Chilled musician Terje Isungset.

He’s played concerts inside frozen waterfalls, on top of 3,000 meter high glaciers and inside massive ice-domes — at temperatures as low as -33 degrees Celsius.
Although it may sound strange, for Terje Isungset, the world’s first and only ice musician, these conditions are all part of the job…

The Norwegian-born musician has been playing ice instruments for over 10 years and is the founder of Norway’s annual Ice Music Festival in Geilo. His love of ice music began in his 20s when he was invited to play at a concert inside a frozen waterfall.

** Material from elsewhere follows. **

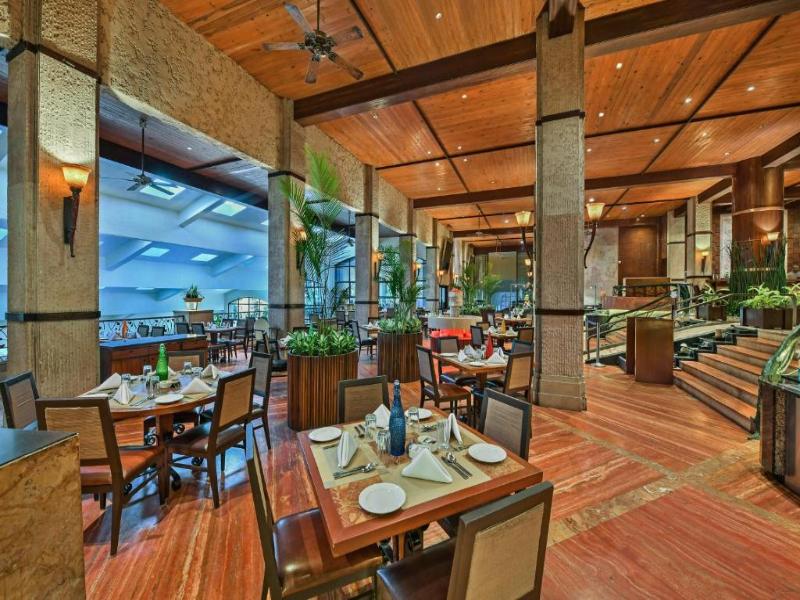 Photo of Fariyas Resort Lonavala, 4-star hotel in Pune District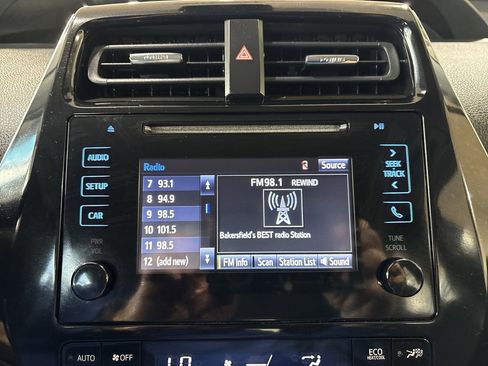 Certified 2018 Toyota Prius Two w/ Prius Two Safety Plus Package image 16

“As a composer I decided to work with the nature surrounding me and I tried out ice instruments for the first time,” said Isungset.

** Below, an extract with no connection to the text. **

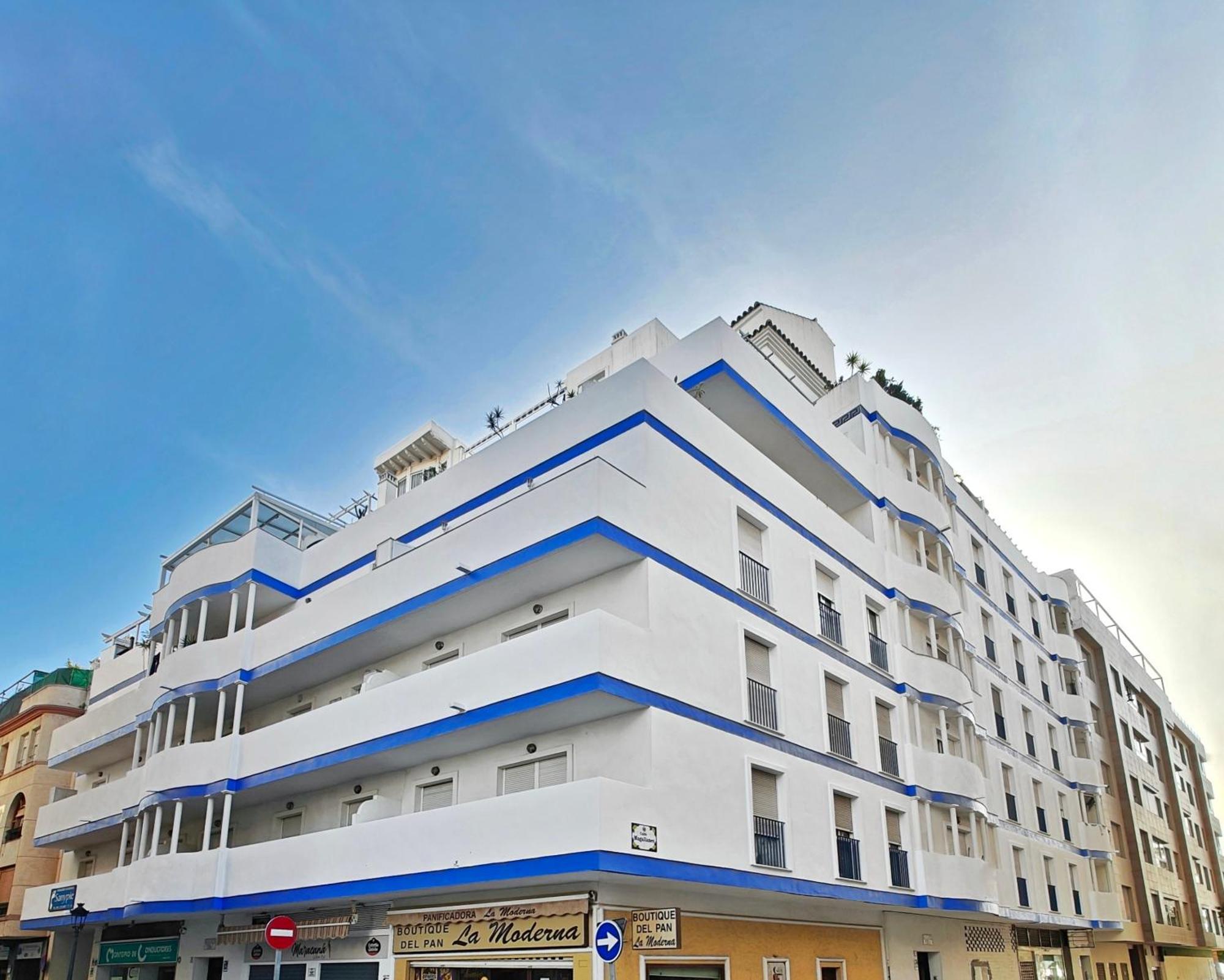 Moderno Piso Centrico 3 Habitaciones Junto Al Mar Y Parking Estepona Luaran gambar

A percussionist, Isungset started with simple ice chimes, using stalactites which had formed naturally in the harsh Norwegian winter. Since then his repertoire has expanded to include ice drums, horns, harps and trumpets.

But as well as playing, Isungset has also crafted various instruments in ice form.

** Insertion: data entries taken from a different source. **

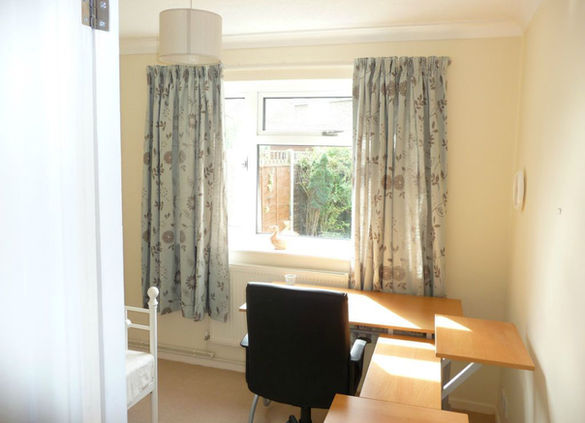 richard_bedroom1_518e.jpg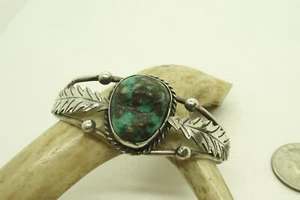 VINTAGE SOUTHWEST TURQUOISE CUFF BRACELET STERLING - Picture 1 of 8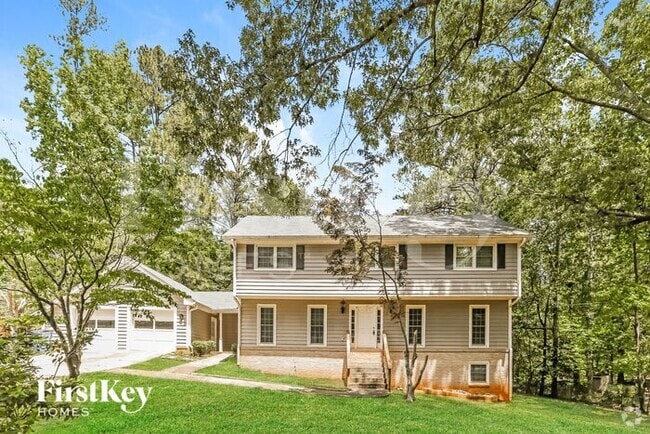 Building Photo - 2508 Highland Dr SE Rental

“I have challenged friends of mine to perform on ice and given them ideas of what to do. I’ve made ice guitars, ice marimbas, an iceridoo (didgeridoo) and traditional Norwegian langeleiks,” he said.

Rather than having a favorite instrument, Isungset says he takes joy in finding ice in nature that can “sing.”

“When I can find a piece of ice that can sing for a very long time, it’s special. The longest tone I have made from hitting a piece of ice is about 15 seconds. It’s very unique.”

But perhaps the most extraordinary of all Isungset’s instruments was his 2,500-year-old ice horn, carved from a glacier in Norway. It lasted only 50 performances, but by ice standards that’s a long time.

“We normally make an ice horn out of a large cube. We cut it with a saw and then with a knife,” Isungset told CNN.

“The shape of (the horn) is not so important, except for the mouth piece because the mouth piece creates a specific sound. But, as you can imagine, when you play an ice horn it melts. So the tuning and the mouth piece will change all the time. This makes it even harder to perform.”

How long an ice instrument can last all depends of the length of the performance and the weather on the day, but they usually only last a couple of concerts.

“With ice, there is no exact time for anything, nature decides everything,” said Isungset.

“I’m always searching for pieces of ice that can make a sound, so I’m working on a piece of ice and I’m listening to it all the time. It’s kind of a communication between me and the piece of ice.”